# Must be luck!



## DawnD (Sep 23, 2009)

Hi everyone! Moved over to this page, my divorce was finalized last week. Things are going really well, and the kids seem to be handling things like champs. That is all I can really ask for.

I managed to keep my classes going through the divorce and made honor roll with my college. I was also accepted into the Social Work program and start in the fall.

The boys and I move into an apartment in the middle of July, and luckily they have a pool. I am super excited about that, the kids are in love with the pool. 

I do have a question. My oldest had his birthday yesterday,and we celebrate separately. My son asked if dad could come (dad had him the whole week and a half before his bday) and I said I thought it wasn't a good idea yet. How do you guys celebrate? Do you suck it up and invite the ex? We are okay, I don't care enough to hate him anymore but I thought it could be awkward. Any advice is appreciated.


----------



## that_girl (Jul 6, 2011)

You gotta do what you think it right.

Maybe for this time it wasn't right but next year will be ok.


With my ex, we did joint birthdays. The first few sucked. It was easier in time. No boyfriends/girlfriends were allowed to come unless SERIOUS mates--- neither of us had those.

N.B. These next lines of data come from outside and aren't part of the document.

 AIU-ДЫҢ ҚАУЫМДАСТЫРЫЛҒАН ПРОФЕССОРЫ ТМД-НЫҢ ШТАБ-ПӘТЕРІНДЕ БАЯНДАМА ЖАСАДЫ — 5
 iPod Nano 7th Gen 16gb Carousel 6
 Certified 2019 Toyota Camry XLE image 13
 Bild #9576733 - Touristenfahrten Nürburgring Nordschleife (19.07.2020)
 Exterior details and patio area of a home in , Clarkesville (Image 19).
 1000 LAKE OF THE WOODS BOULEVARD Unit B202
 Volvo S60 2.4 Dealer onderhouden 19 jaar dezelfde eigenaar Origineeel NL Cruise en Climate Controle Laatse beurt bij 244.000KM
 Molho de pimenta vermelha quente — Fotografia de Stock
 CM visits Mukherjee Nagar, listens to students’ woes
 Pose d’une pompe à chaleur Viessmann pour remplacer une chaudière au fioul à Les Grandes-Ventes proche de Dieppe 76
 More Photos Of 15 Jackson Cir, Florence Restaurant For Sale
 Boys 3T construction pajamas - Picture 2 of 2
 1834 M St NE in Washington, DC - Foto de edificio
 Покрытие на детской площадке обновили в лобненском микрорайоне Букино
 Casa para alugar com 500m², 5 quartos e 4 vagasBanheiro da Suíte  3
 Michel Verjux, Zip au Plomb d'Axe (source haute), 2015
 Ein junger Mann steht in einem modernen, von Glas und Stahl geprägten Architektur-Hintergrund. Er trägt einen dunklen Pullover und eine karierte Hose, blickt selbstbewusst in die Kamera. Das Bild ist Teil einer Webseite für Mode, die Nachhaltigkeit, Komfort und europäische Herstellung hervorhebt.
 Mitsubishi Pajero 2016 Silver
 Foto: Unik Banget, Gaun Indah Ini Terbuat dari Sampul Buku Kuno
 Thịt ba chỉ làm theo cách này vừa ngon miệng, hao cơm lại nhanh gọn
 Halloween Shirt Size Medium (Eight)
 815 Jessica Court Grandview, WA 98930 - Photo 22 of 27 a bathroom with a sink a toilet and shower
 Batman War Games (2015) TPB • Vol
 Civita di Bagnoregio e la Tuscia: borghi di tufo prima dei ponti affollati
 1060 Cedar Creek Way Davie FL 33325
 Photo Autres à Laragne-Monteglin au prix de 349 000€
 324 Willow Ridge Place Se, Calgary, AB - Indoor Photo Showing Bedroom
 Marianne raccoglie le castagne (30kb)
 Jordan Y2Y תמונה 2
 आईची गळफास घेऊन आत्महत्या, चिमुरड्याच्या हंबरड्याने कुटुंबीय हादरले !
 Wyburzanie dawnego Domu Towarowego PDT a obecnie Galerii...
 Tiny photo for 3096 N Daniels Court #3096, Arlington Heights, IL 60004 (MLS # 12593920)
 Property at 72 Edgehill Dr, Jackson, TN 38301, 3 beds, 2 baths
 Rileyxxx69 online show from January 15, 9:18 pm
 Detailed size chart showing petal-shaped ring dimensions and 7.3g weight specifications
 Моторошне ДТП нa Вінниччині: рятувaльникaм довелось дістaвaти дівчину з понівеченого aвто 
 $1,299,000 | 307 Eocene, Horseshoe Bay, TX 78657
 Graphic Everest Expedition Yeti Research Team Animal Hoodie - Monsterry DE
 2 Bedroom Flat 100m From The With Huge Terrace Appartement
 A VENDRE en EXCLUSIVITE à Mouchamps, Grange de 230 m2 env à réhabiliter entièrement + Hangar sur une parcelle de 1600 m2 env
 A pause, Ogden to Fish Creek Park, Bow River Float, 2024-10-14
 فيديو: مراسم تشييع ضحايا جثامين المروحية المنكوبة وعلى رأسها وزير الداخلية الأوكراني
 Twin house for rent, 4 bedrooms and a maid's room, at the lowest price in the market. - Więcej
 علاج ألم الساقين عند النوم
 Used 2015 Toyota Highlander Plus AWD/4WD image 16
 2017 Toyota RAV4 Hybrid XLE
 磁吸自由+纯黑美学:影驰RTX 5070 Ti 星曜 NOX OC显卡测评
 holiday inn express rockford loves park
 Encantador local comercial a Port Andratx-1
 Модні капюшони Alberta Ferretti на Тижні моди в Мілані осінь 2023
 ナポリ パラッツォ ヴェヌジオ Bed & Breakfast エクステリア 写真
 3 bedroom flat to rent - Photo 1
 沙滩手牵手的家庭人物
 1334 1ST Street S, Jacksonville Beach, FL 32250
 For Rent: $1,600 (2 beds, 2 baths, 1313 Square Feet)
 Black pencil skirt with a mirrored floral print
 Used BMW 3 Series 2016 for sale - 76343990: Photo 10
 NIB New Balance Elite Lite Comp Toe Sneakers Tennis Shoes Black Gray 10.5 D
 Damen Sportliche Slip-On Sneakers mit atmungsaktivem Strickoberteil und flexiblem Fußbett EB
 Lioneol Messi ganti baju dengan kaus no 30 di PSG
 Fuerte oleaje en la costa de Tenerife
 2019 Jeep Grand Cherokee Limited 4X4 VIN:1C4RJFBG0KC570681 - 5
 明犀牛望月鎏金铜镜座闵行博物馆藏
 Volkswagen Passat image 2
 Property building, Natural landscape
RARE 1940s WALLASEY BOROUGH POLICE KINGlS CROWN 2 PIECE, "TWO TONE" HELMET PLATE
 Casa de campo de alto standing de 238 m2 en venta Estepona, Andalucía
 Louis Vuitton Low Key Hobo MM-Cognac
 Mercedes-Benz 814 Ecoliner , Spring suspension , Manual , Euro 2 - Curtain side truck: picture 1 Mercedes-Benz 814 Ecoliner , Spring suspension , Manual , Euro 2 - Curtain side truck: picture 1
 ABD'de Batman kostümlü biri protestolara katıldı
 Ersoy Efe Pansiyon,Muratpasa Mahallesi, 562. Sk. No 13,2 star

I'll probably be divorcing soon and birthdays will be awkward for a while, I'm sure. But I think a kid needs both mom and dad there. We can suck it up for 2 hours.

How old is your child? My oldest is almost 15 so birthdays aren't a thing anymore. She has friends over and that's it.

But my little one will be 6 in November so there are still a few years of parties to get through.


----------



## DawnD (Sep 23, 2009)

that_girl said:


> You gotta do what you think it right.
> 
> Maybe for this time it wasn't right but next year will be ok.
> 
> ...



I am trying really hard to make sure the kids don't feel like they need to pick a side. I want them to love both of us, so it gets really hard when it comes to joint things.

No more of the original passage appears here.